Segment Open

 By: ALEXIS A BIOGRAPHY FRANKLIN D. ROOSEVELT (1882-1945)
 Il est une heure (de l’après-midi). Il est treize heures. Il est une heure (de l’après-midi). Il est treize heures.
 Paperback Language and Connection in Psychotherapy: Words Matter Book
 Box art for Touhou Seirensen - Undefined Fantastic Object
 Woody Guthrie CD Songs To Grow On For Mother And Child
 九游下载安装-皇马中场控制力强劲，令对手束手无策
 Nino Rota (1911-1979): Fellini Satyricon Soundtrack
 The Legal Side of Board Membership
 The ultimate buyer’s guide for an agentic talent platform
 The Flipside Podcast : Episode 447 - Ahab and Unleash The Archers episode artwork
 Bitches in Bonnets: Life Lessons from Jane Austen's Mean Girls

Segment Closed

**Task description:**
Beginning with the line that has "九游下载安装-皇马中场控制力强劲，令对手束手无策", set down each line through the last one above, exactly, and nothing else.

**Solved problem:**
 九游下载安装-皇马中场控制力强劲，令对手束手无策
 Nino Rota (1911-1979): Fellini Satyricon Soundtrack
 The Legal Side of Board Membership
 The ultimate buyer’s guide for an agentic talent platform
 The Flipside Podcast : Episode 447 - Ahab and Unleash The Archers episode artwork
 Bitches in Bonnets: Life Lessons from Jane Austen's Mean Girls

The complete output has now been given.